Organic matter and clay content also play a role in the success of phytoremediation and lead uptake. The carbonate content for San Antonio soils was 16 to 40%, while Baltimore soil ranged from 2 to 7%. The clay content for San Antonio is 3.5 to 60.5%, and Baltimore soil is between 1.8% and 4.9%. Given these results, Baltimore soil, with its acidic pH, low clay content, and low carbonate content, is likely that lead will be more available to plant uptake than San Antonio soil (Datta, Sarkar, and Andra. 2007).

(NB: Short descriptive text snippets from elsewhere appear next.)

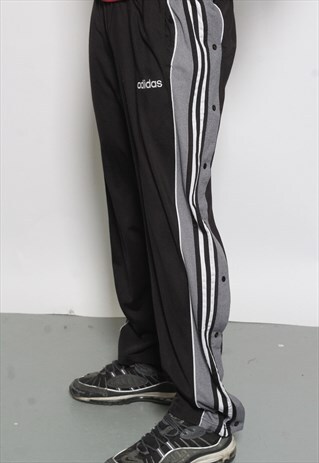 VINTAGE ADIDAS 3 STRIPE LOGO TRACK BOTTOMS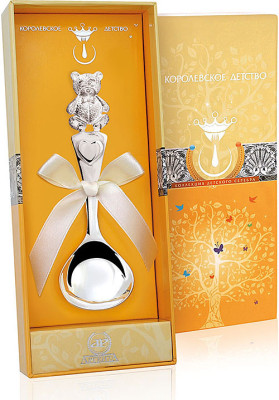 289ЛЖ03001 Серебряная детская ложка «Мишутка»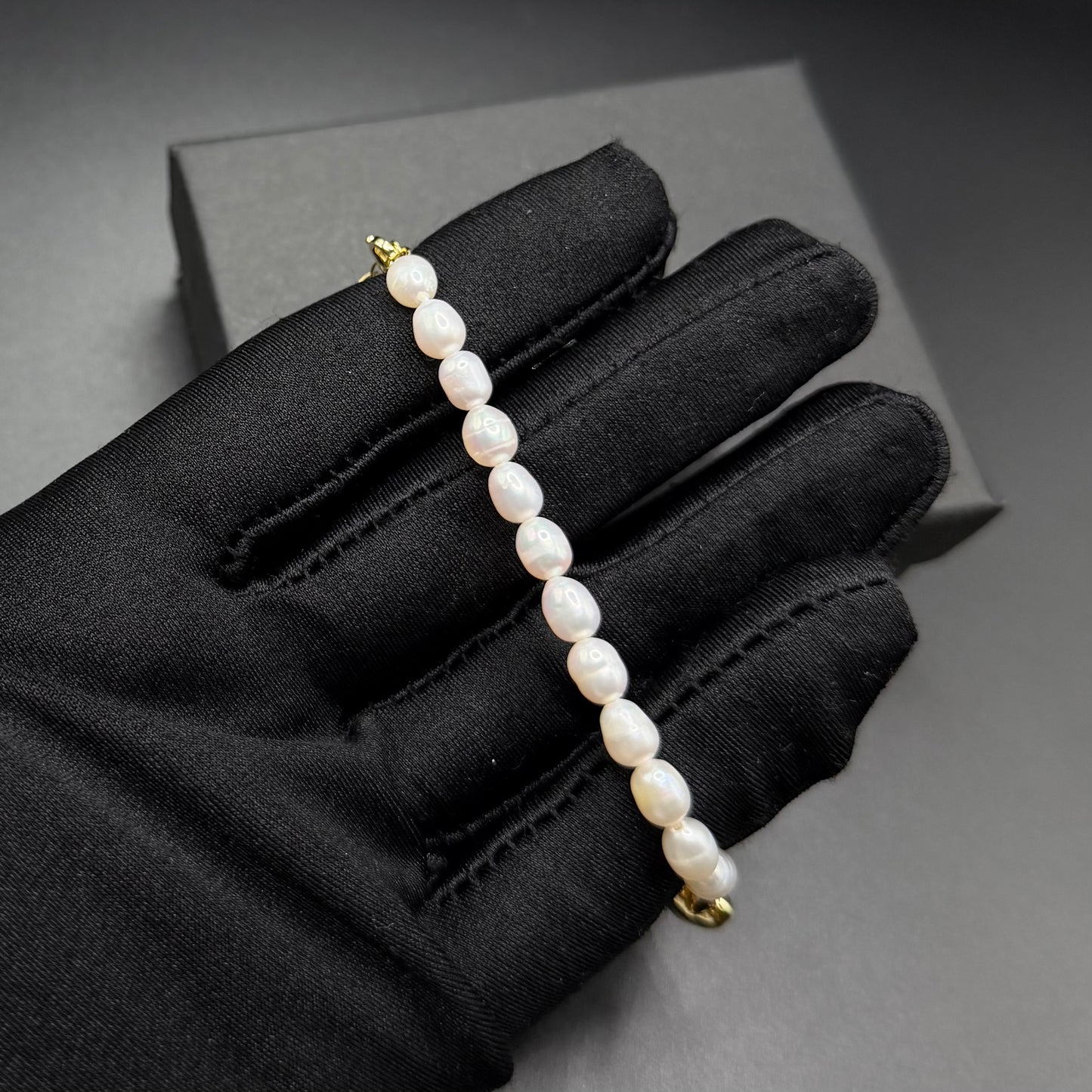 925S SILVER 14K GOLD "PEARL LINK HEART" ARMBAND - ICERAIN JEWELRY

The geochemistry of lead in the soil was determined at time zero. For both soils, lead was found in Fe-Al oxide and carbonate fractions. Baltimore soil had 79% lead in the Fe-Al oxide phase, while San Antonio soil had 57%. Lead associated with carbonate ions was 33% in the San Antonio soil and 11% in the Baltimore soil. After determining the soil properties, vetiver grass was grown in PVC columns containing the soil. EDTA and EDDS chelating agents were added to test efficiency at 0,5,10 and 15 mM/kg rates. Plants were sampled and analyzed to metal uptake 10 days after added chelates (Datta, Sarkar, and Andra. 2007).
Plant root samples were analyzed for lead uptake. Compared to the controls, both EDTA and EDDS significantly increased the concentration of lead, with the highest at 15 mmol/kg. Both EDTA and EDDS increased the lead concentration for the shoot lead uptake. Lead concentration in the shoot increased from 22 to 476 mg/kg for Baltimore soils for EDTA and 22 to 493 mg/kg for EDDS for the 15 mmol/kg treatment. In the San Antonio soil, the lead concentration increased from 11 to 329 mg/kg for the EDTA and 240 mg/kg for the EDDS for the 15 mmol/kg treatment (Datta, Sarkar, and Andra. 2007).

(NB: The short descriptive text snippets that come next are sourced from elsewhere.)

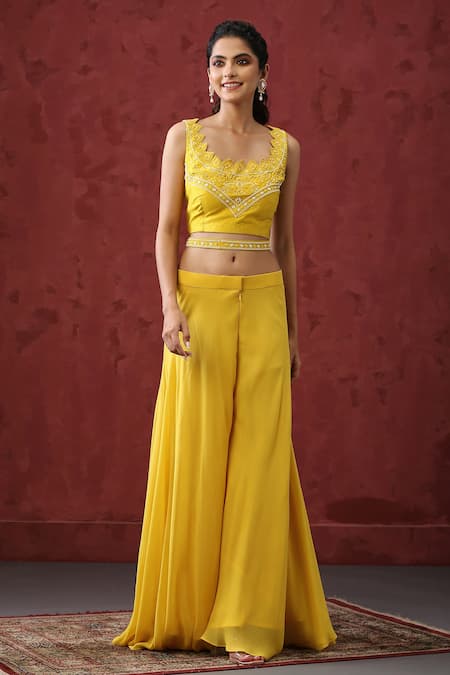 Minaki_Yellow Georgette, Organza, Silk Embroidery, Pearls, Border Cape Sharara Set _Online_at_Aza_Fashions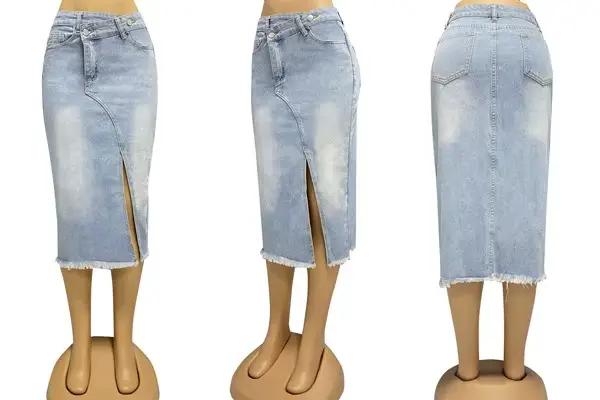 Jupe longue en jean pour femme 2026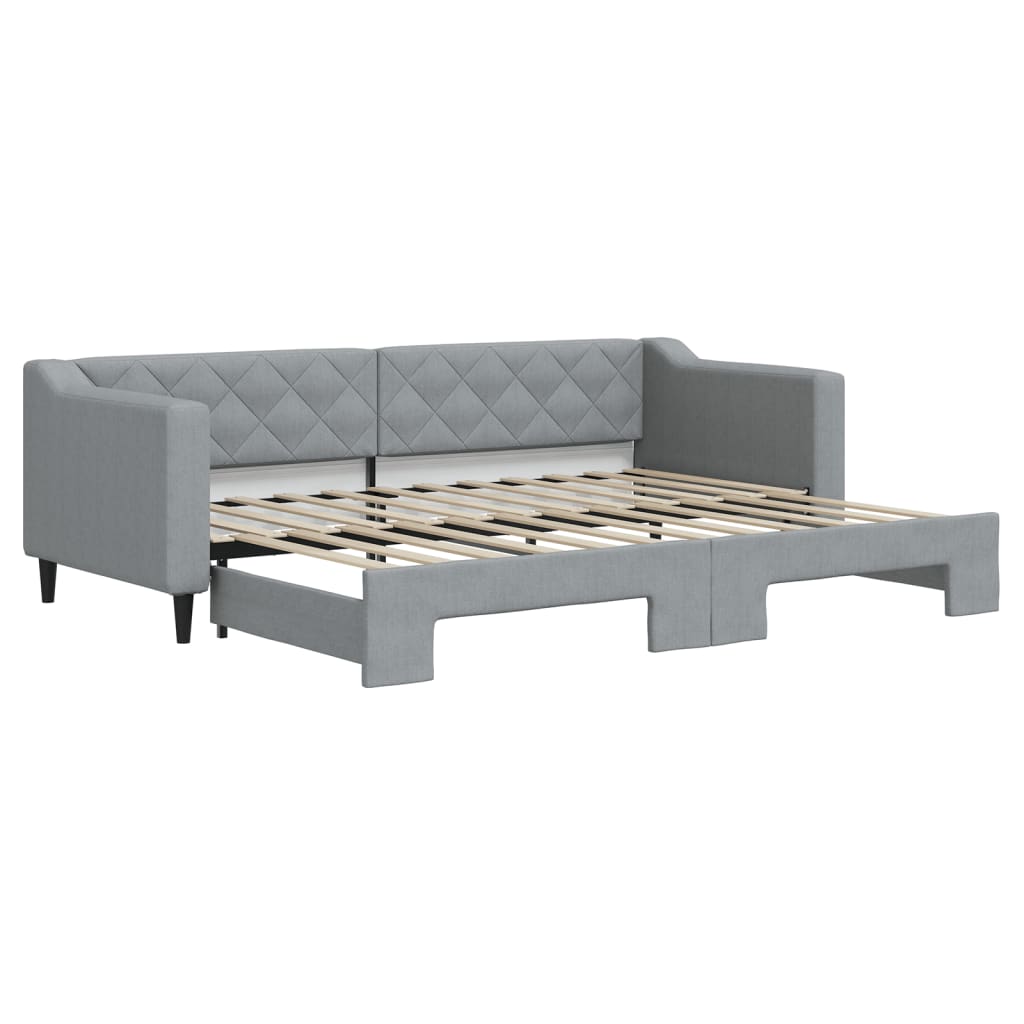 Lit de jour avec gigogne sans matelas gris clair 80x200 cm - XIOS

The effects of different rates of added chelates on the lead root uptake by vetiver grass in San Antonio and Baltimore soils
The effects of different rates of added chelates on the shoot lead accumulation by vetiver grass in San Antonio and Baltimore soils.
Leachates from the soil were collected and analyzed for soluble lead. The soluble lead increased with increasing lead concentrations. EDTA mobilized a significantly larger amount of lead compared to EDDS. The results indicated that the physical-chemical properties of soil had a strong influence on lead leaching from soils. Resulting in Baltimore soils having a significantly higher lead concentration than San Antonio (Datta, Sarkar, and Andra. 2007).
The geochemistry of lead in the soil was determined at the end of the experiment after adding EDTA and EDDS treatments. The percentage of lead associated with carbonate ions, organic fractions, and soluble + exchangeable increased with increasing chelating concentrations. In San Antonio soils, lead mainly was associated with Fe-Mn fractions with 50-79%, with a significant increase in the organic fraction from 16 to 30%. In Baltimore soils, the carbonate phase increased from 5% in control to 9% in chelated soils. The most considerable fraction of lead was the Fe-Mn oxide with 54-71% after adding chelating agents and the organic fraction with 17-38% (Datta, Sarkar, and Andra. 2007).
Total lead concentrations were analyzed at the end to determine phytoremediation and chelating agent efficiency. In general, soils treated with no EDTA and EDDS retained more lead. EDTA was more effective than EDDS. The concentration of total lead remaining in the soil was 15 mM/kg < 10 mM/kg < 5 mM/kg (Datta, Sarkar, and Andra. 2007).